The three-layer separation

Handlers ──── how to corrupt
Schemas ───── what to call the error
Configs ───── how often each error fires

This separation is the most important thing to internalize. The same handler (e.g. NounCaseErrorHandler) can be tagged differently under different schemas (RLC's Gov, ERRANT's NOUN:CASE:R, Rozental's mo_noun_case_other), and weighted differently under different configs (rulec, gera, balanced).

You add new error logic in handlers. You change the taxonomy in schemas. You change the distribution in configs. The three rarely need to be edited together.

The pipeline

clean text
analyzer  ─── tokenization, morphological tags, optional dep parse
sample handler  ── weighted by config preset
handler.can_apply()  ── per-token check (POS, dep_rel, features)
handler.apply()  ── return ErrorResult with corrupted form + label
formatter  ── GECToR tags / TSV / JSONL / chat / sft

Handler protocol

Every error handler implements this minimal contract:

class MyHandler:
    name = "my_handler"
    subtypes = ["my_subtype"]   # for schema mapping
    category = "OTHER"           # SPELL / MORPH / PUNCT / OTHER
    changes_length = False       # True if adds/deletes tokens

    def can_apply(self, tokens, idx) -> bool:
        ...

    def apply(self, tokens, sentence, idx, modified, rng=None) -> ErrorResult | None:
        ...

changes_length=True handlers (insertions, deletions) are applied last so they don't shift token indices for other handlers.

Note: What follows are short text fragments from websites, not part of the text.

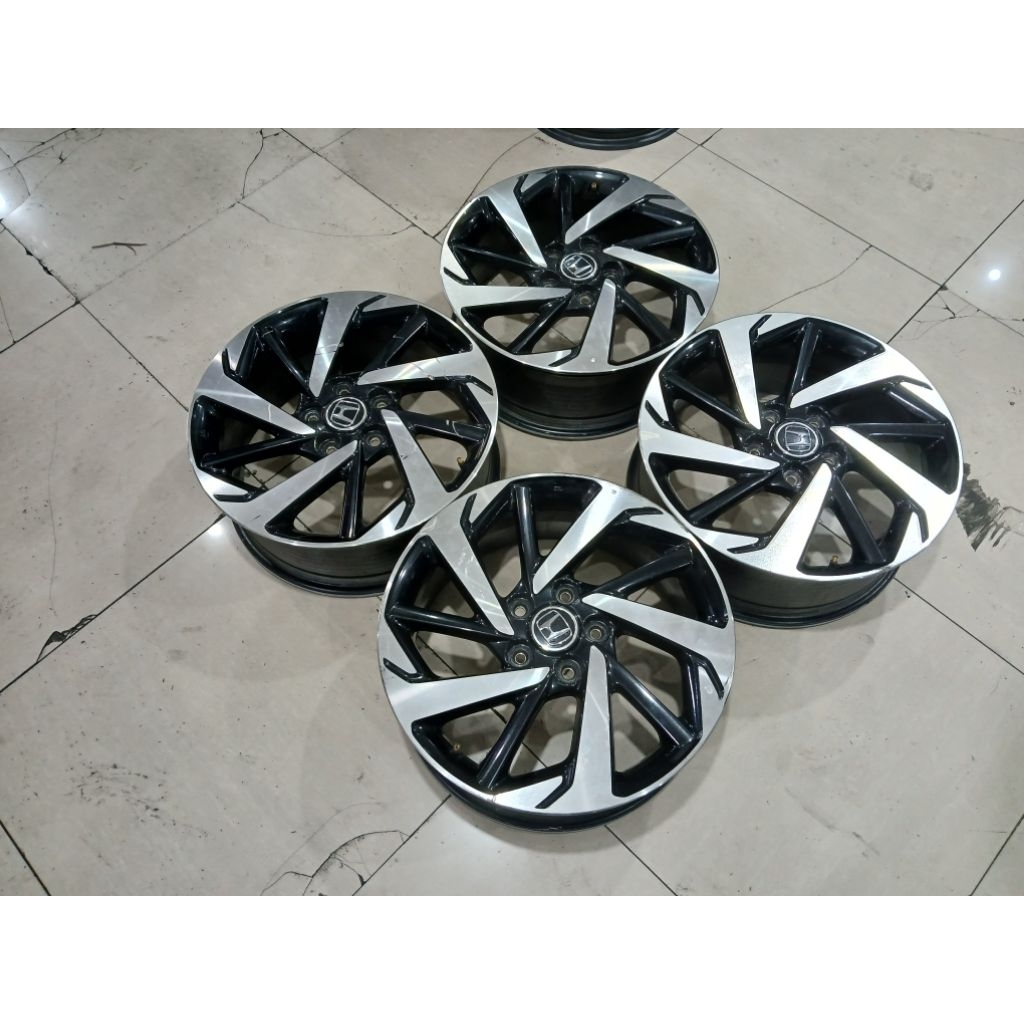 Jual velg bekas honda Hrv Ring 17x6,5 pcd 5x114 et 50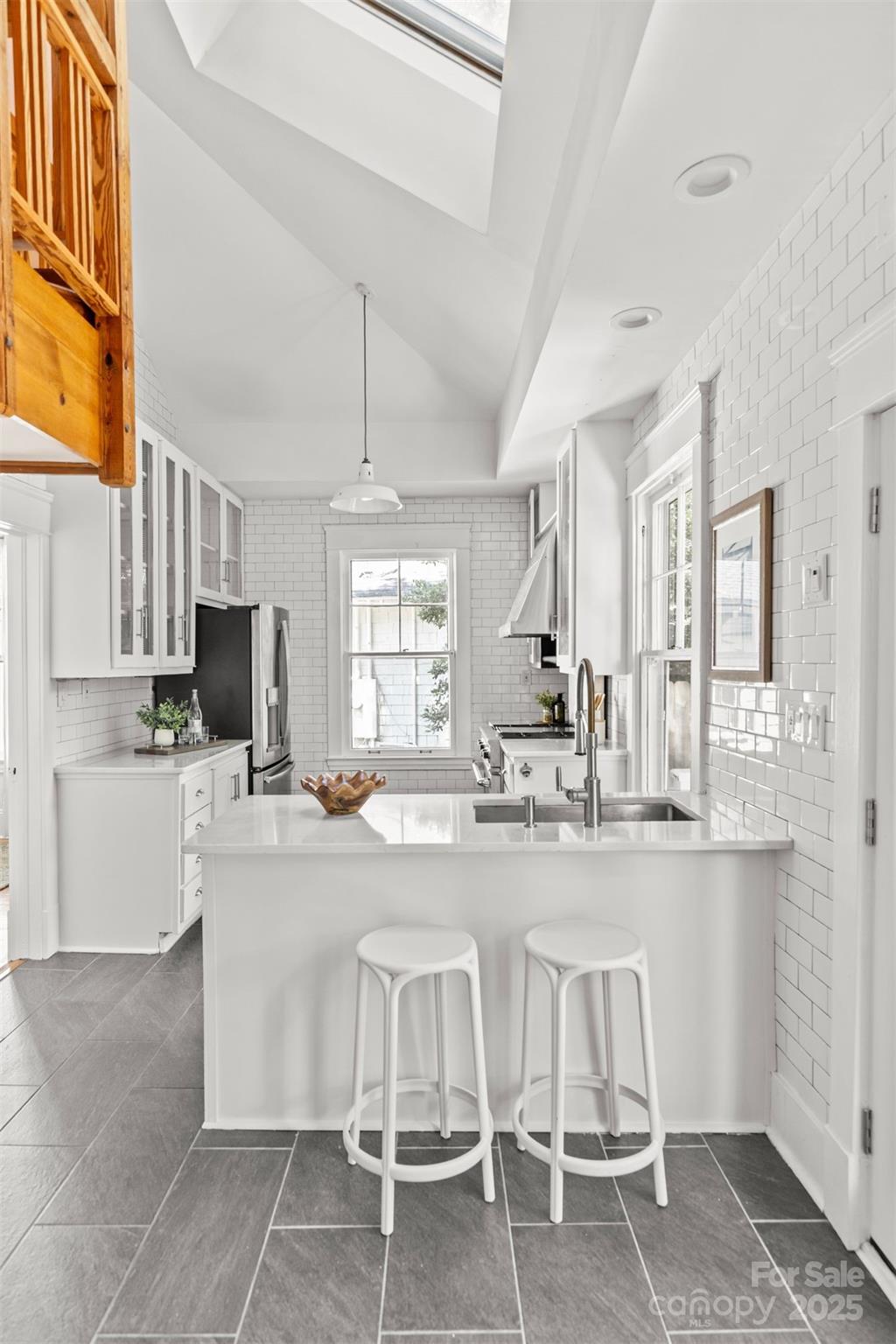 1412 Thomas Avenue Property Photo 22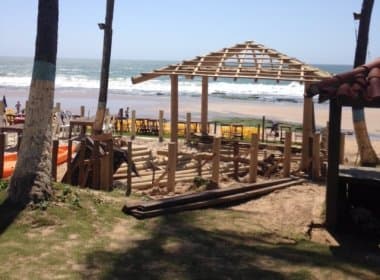 Construção de barracas de praia em Vilas do Atlântico descumpre norma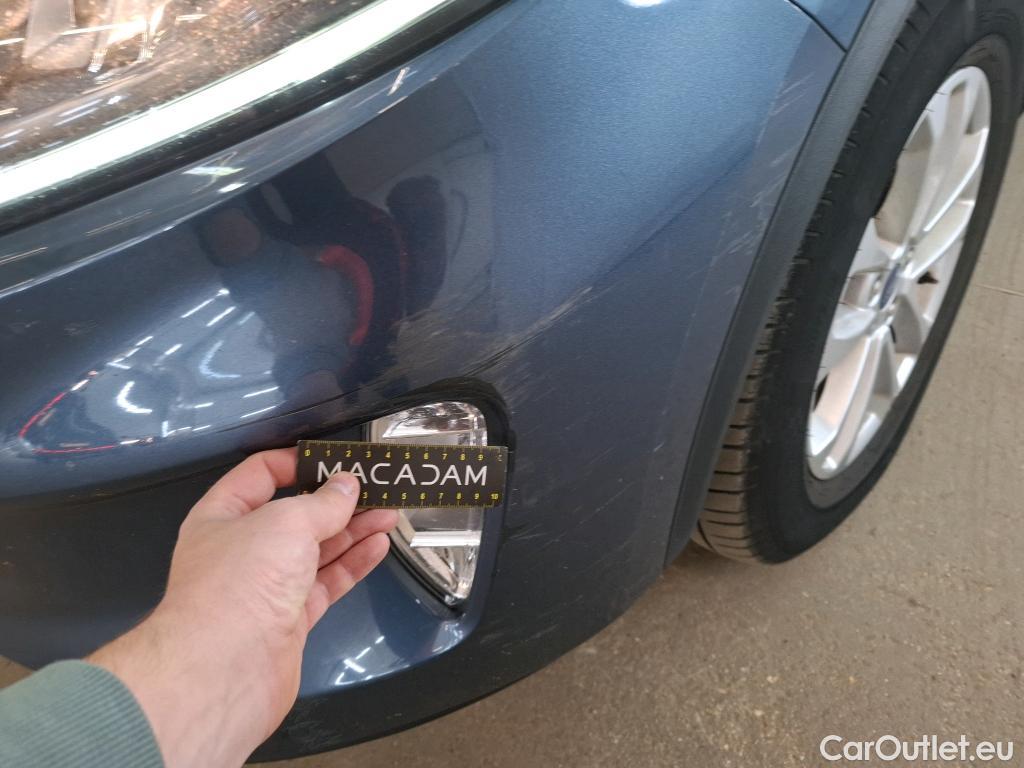  Ford  Kuga FORD  / 2019 / 5P / SUV 190 Hybrid I-AWD(FHEV) Powershi Titanium #12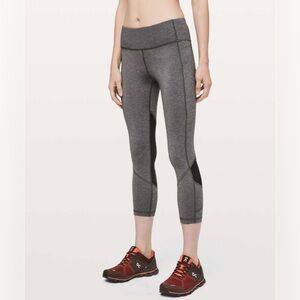 LULULEMON Women’s Pace Rival Crop 22" Heathered Black / Black Leggings Sz 8 EUC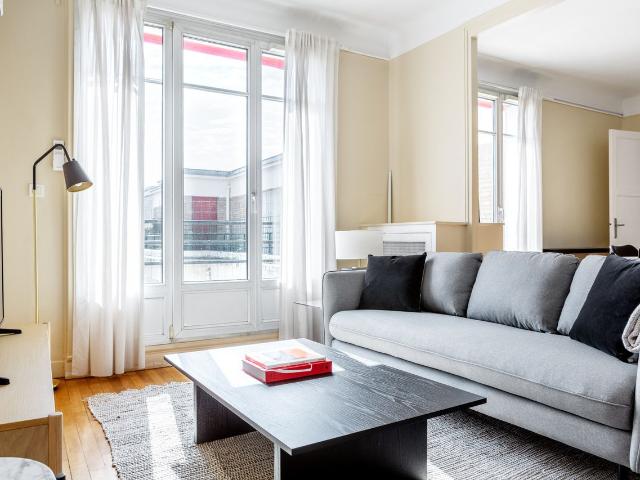Charming 2BR Apartment with Balcony in Paris, Paris Amsterdam Apartments for Rent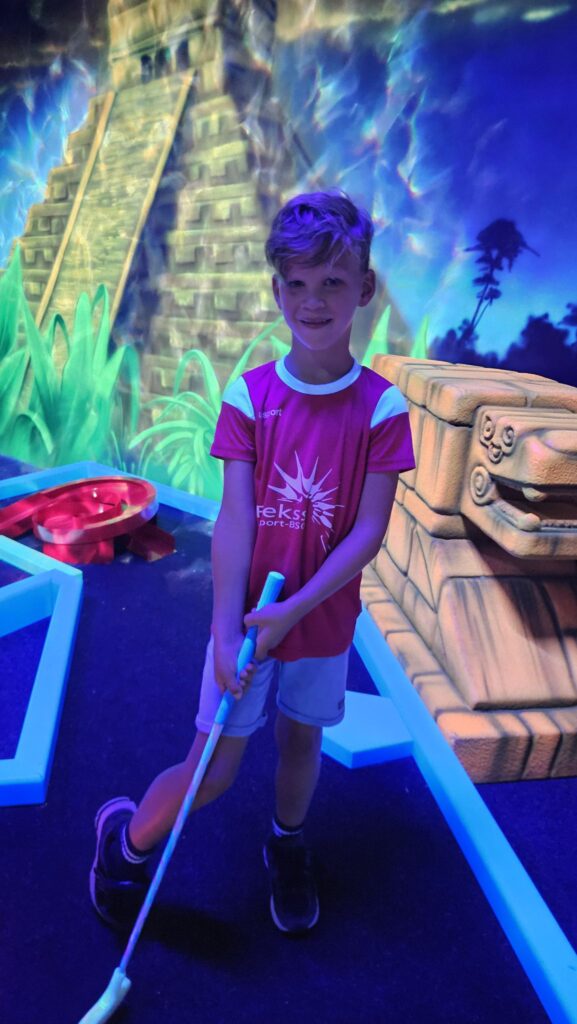 BSO dillehof- glow golf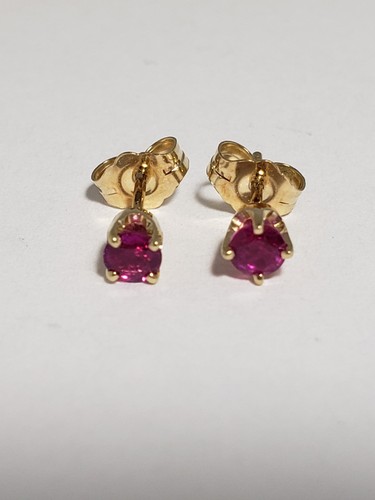 14 Karat Yellow Gold Ruby Stud Earrings - Picture 1 of 8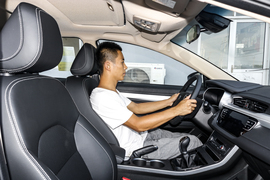 2018款吉利帝豪 1.5L 手动豪华型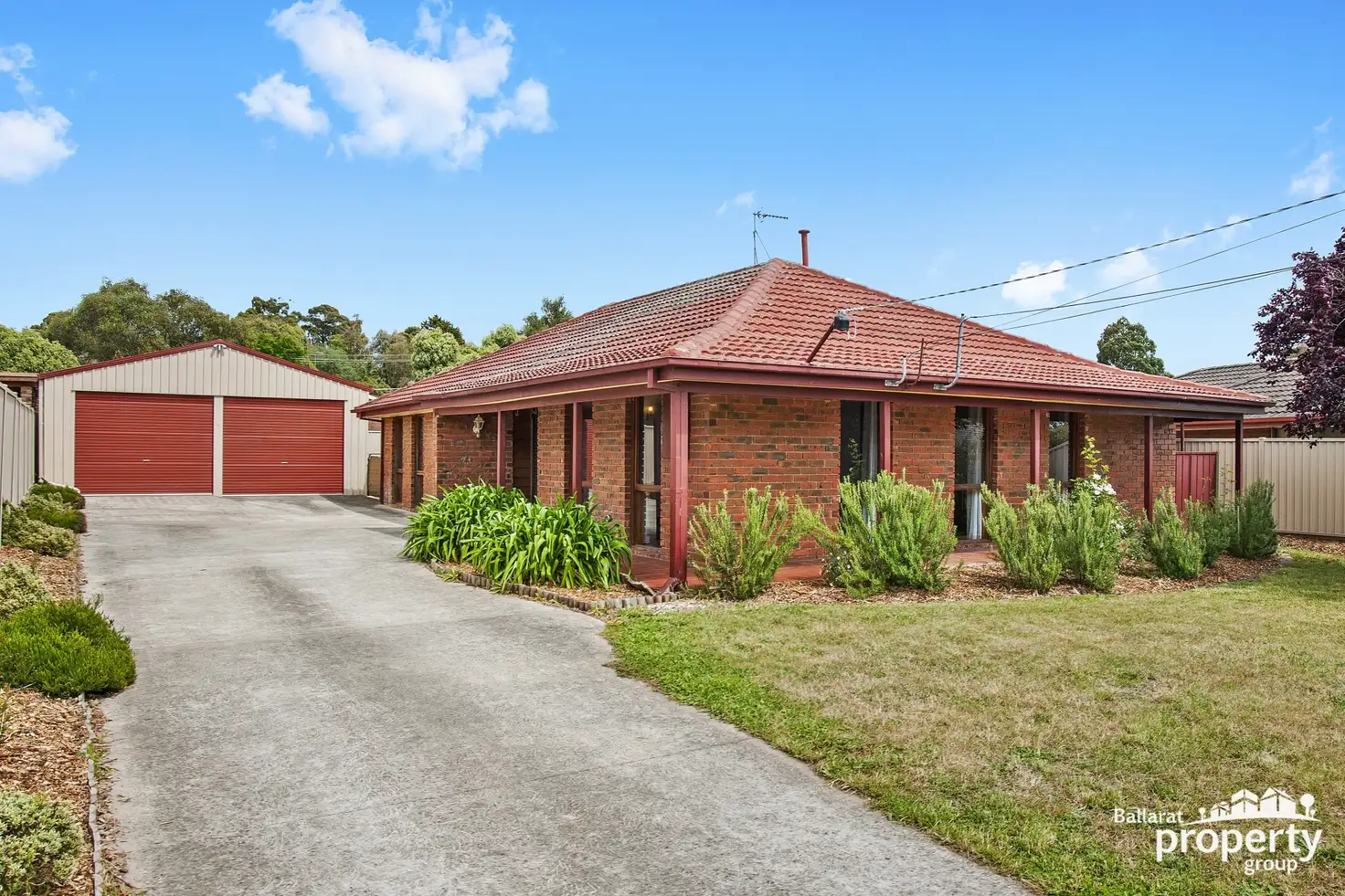 Main view of Homely house listing, 10 Semillon Grove, Mount Clear VIC 3350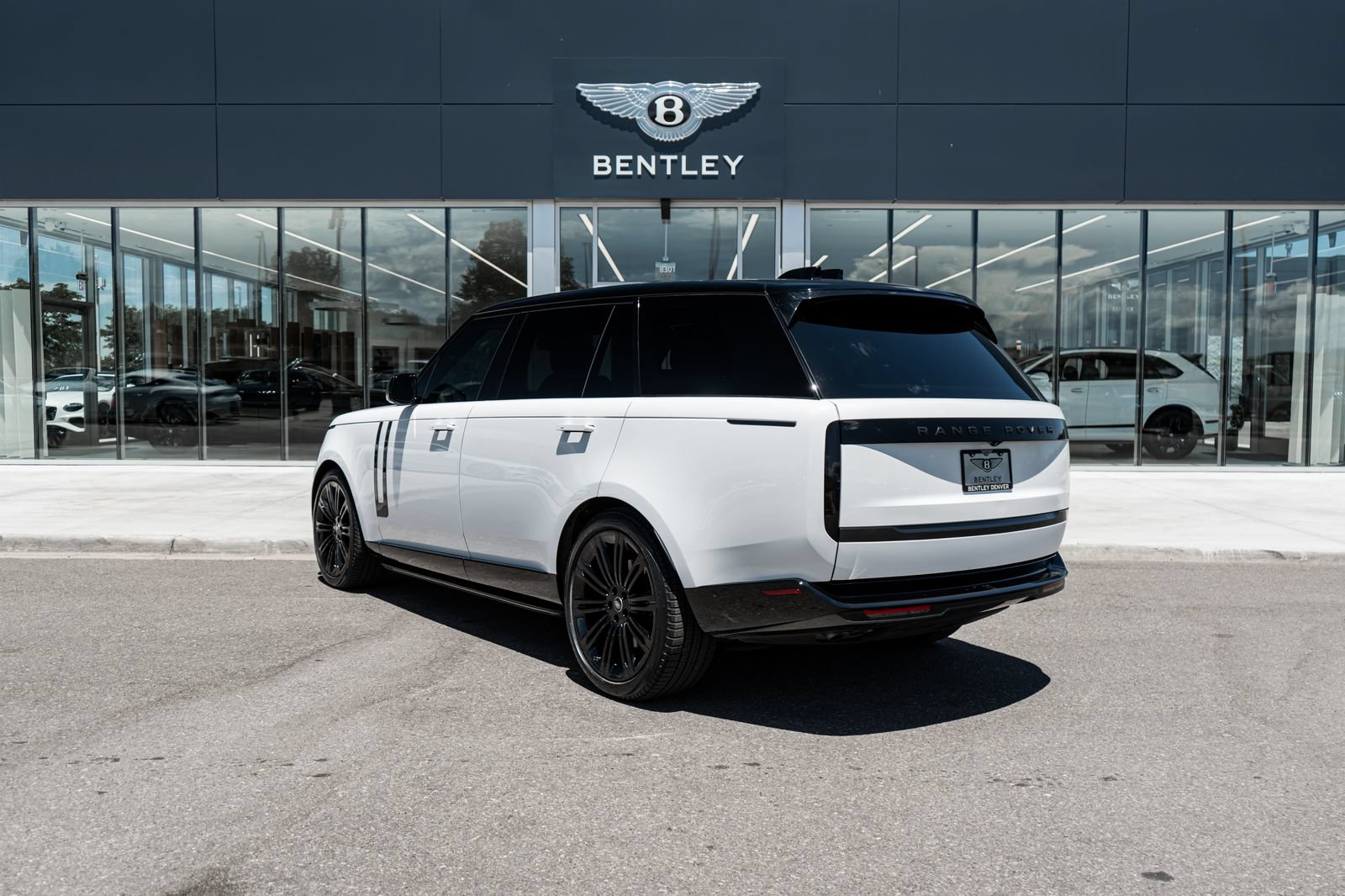 Used 2024 Land Rover Range Rover Long Wheelbase SE AWD/4WD image 8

Dep-tree-driven generation

A distinguishing design choice: handlers that generate agreement, government, and punctuation errors use dependency-tree heuristics rather than position heuristics.

  • Agreement handlers (adj_*) traverse the amod arc to the head noun and use the head's features as the reference for confusion-matrix lookup.
  • VerbPersonNumberHandler finds the nsubj dependent and uses the subject's number as reference.
  • NounCaseErrorHandler only fires on governed positions (obl, nmod, iobj, obj) — true government errors.
  • The punctuation classifier inspects the head's dep_rel to distinguish subordinate / compound / parenthetical / isolation / homogeneous comma contexts.

This requires use_depparse=True (slower but linguistically grounded).

Confusion matrices

Morphological handlers use empirical confusion matrices derived from RLC (Russian Learner Corpus) for weighted grammeme substitution rather than uniform random selection. See docs/research/CASE_CONFUSION_PATTERNS.md for the analysis.

Multiple schemas

Synterr ships four schemas:

Schema Granularity Use case
synterr (default) Native handler subtype tags Direct rule tracing in your own pipeline
rlc 35 tags Russian Learner Corpus annotation alignment
rozental 8 / 29 / 100 tags (L0 / L1 / L2 hierarchy) Rule-grounded error tracing
errant ERRANT-style POS:operation tags Cross-lingual GEC eval alignment

When generating data, the same corruption gets the right tag for whichever schema you ask for. This is what makes synterr's output useful as both training data and evaluation reference.